Rex Ryan always does just enough to save his career. But man does he know how to get his team pumped up for certain games. Look at week three for a prime example. Now he gets to go to Foxboro where there is magic in the air. Bill Belichick has just gone old school and ran the ball down his oppents throats with Blount. 3-0 is better then everyone thought the Patriots would do without Brady, and Gron’s been out on top of that. So it would be ok to lose one right? Wrong. The Bill Belichick’s tricks will come to light this week, and James White will be the best running back in the week-four match-up between the Patriots and Bills.

Amari Cooper has been quiet in 2016 through three weeks. A two-point conversion and consistant play from Micheal Crabtree has him one point better on the season then Cooper. In week 4, Amari Cooper will separate himself has the clear number-one wide reciver on the team. Cooper will go for a hundred-plus yards and two touch downs.

The race for last place in the NFC North will be in full tilt in week four. The Lions travel to Soldier Field. Both teams have been forced to move back-up running backs into the starting roll. The rookies will try to take the job and run with it. Ha ha! See what I did there? Run with it…I crack myself up. Dwayne Washington is on a team that would like to not even run the ball if they were honest with themselves. Jordan Howard is on a team trying to find a identity. I beilive both of them are solid this week. Jordan Howard is ranked eighteenth and Washington comes in at thirtieth. Washington will have the better fantasy day and both will be top-fifteen plays in week four.

The number-one fantasy quarter back through three weeks is Matt Ryan. Experts say trade Matt Ryan if you can get anything for him. They say sell, sell, sell all your Falcons players (except Julio of course. Unless someone makes you a offer you can’t refuse, you do not ever sell Julio Jones.) Cam Newton is bruised and battered after his eight sacks against the Vikings in week three. You think he’s mad? You think the Panthers as a team aren’t pissed about getting trucked at home? Bad news for the Falcons right? Wrong. Stay in the flames of Matt Ryan. Cam Newton may easily be the top quarterback in week four but Matt Ryan will also be a top-five option in week 4…and moving forward.

Jordan Reed. Oh, Jordan Reed. Number eighty-six where have you been? The tight end drafted number two in 2016 is currently ranked as the sixteenth tight end. It’s a get-right week. Jordan Reed will eat in week four. Top tight end.

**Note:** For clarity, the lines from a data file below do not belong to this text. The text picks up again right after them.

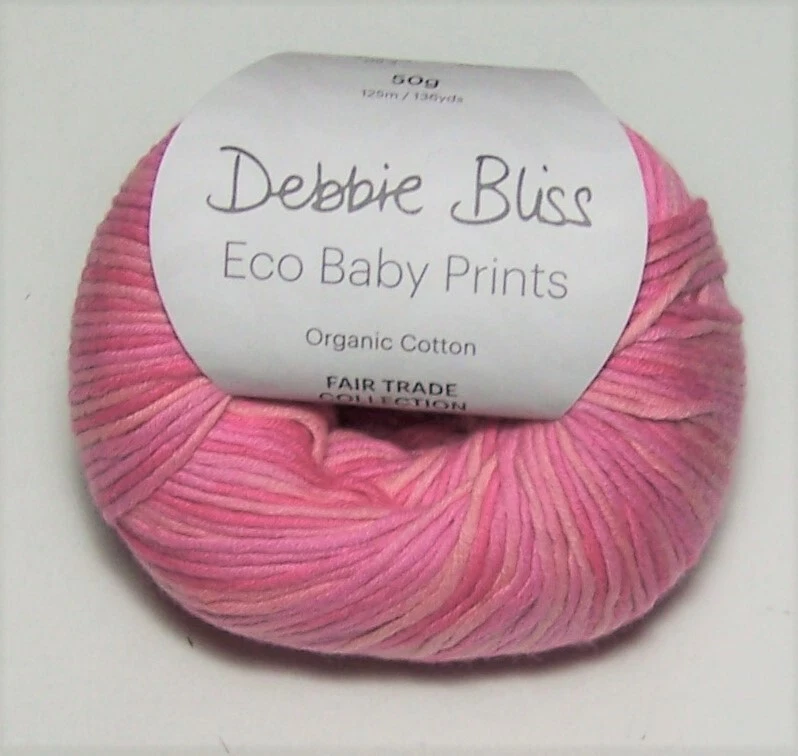 Lot of 10 Balls Debbie Bliss ECO BABY PRINTS Organic Cotton Yarn #56008 BLOSSOM - Image 1 of 1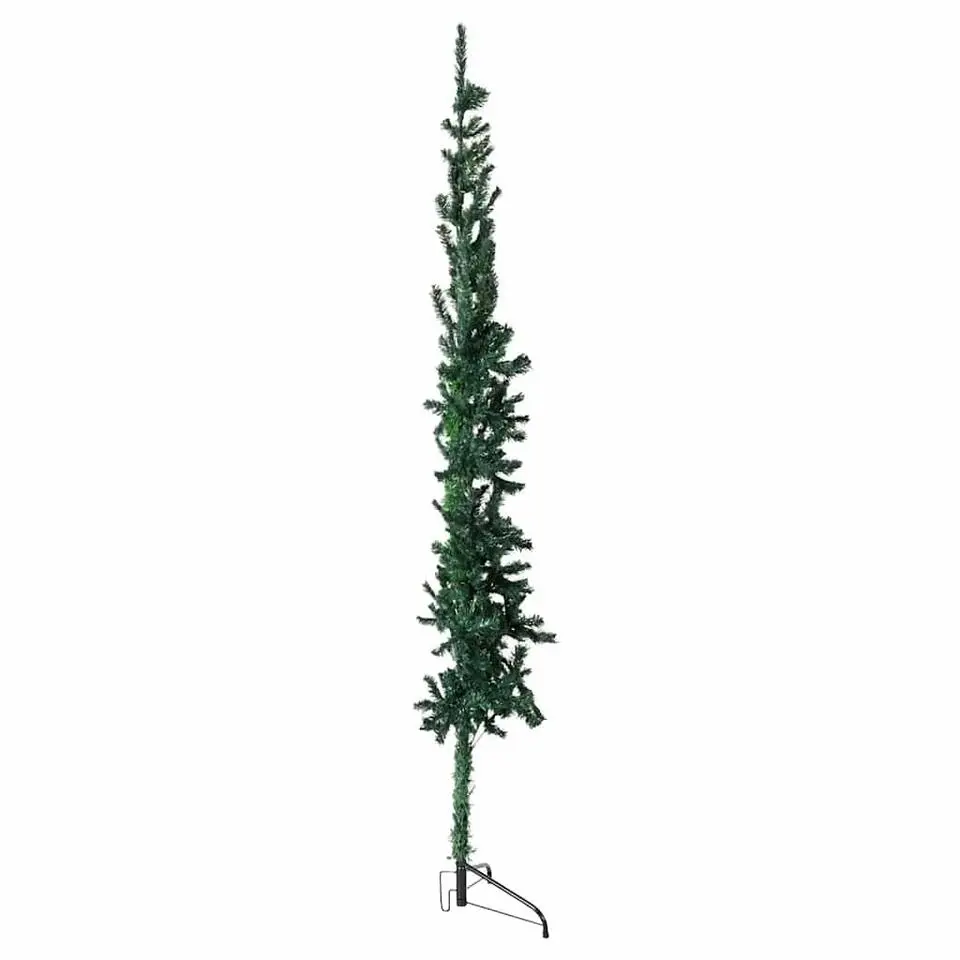 vidaXL - Halve Kunstkerstboom - Groen - 120 cm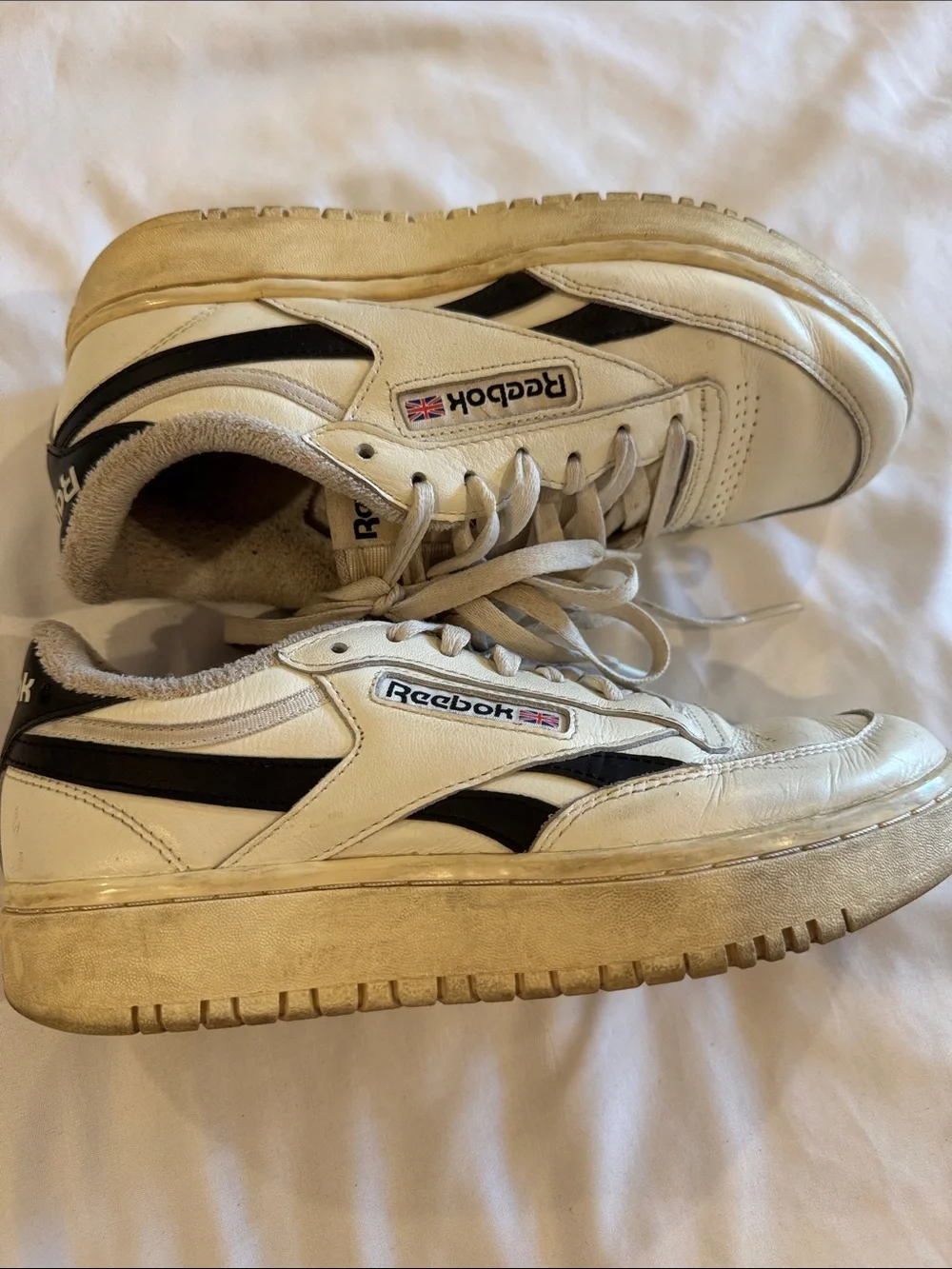 Reebok  Women's Club C Double Revenge Platform Sneaker 8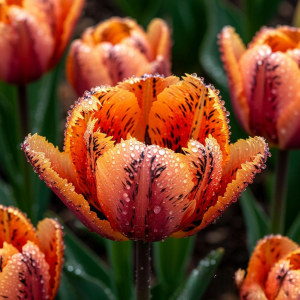 Тюльпан Литл Джем купить по цене от 199р. в интернет-магазине «Посадика» с доставкой почтой в в Звенигороде и по всей России – [изображение №1].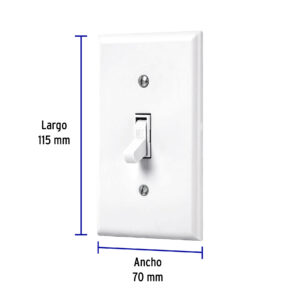 Placa armada interruptor sencillo linea Standard blanco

What has happened to the Arizona Cardinals? The top offensive output in 2015 just got a good old fashion butt whooping by the hideous Buffalo Bills. It started off looking so good, as Larry Fitzgerald caught everything thrown his way. David Johnson has been a soldier for fantasy purposes but hasn’t helped the Cardinals in the win/lose column. This is also a get-right week. The Cardinals will get right. The Cardinals get to play at home against the Rams, always a tough divisional match-up. Eight and eight Jeff Fisher needs to get to his .500 record on this season. John Brown saw an increased work load in week three, and he will help stretch the defense out in this game. Larry Fitzgerald, Micheal Floyd, John Brown, and David Johnson will all have at least a hundred receiving yards.

So now that we know none of this is gonna happen, make sure to change your line ups accordingly. 😉 There are many numbers and much data to decide who to start and sit. I don’t know the percentage of times that all those numbers and data are actually right but it can’t be very high. We love football because of the human side. Depending on how a guy slept, how his finances are, how his sex life is, maybe what he had for breakfast…it will effect him. So sometimes it’s better to try to look outside the box. But we see how well that has worked for me. Seriously, if you have a gut feeling, don’t be afraid to go for if. It could win you your week. If it doesn’t, guess what, it’s just a game. Yeah, I look like a moron all the times I’m not even in the ballpark on a gut feeling. The times I hit one though are gonna be super cool. And if you follow your gut one week and go against the grain it could be one of the best stories you’ll have. Most importantly you’ll always have the story to throw in your buddy’s face, the story of beating his or her ass with a diamond in the rough.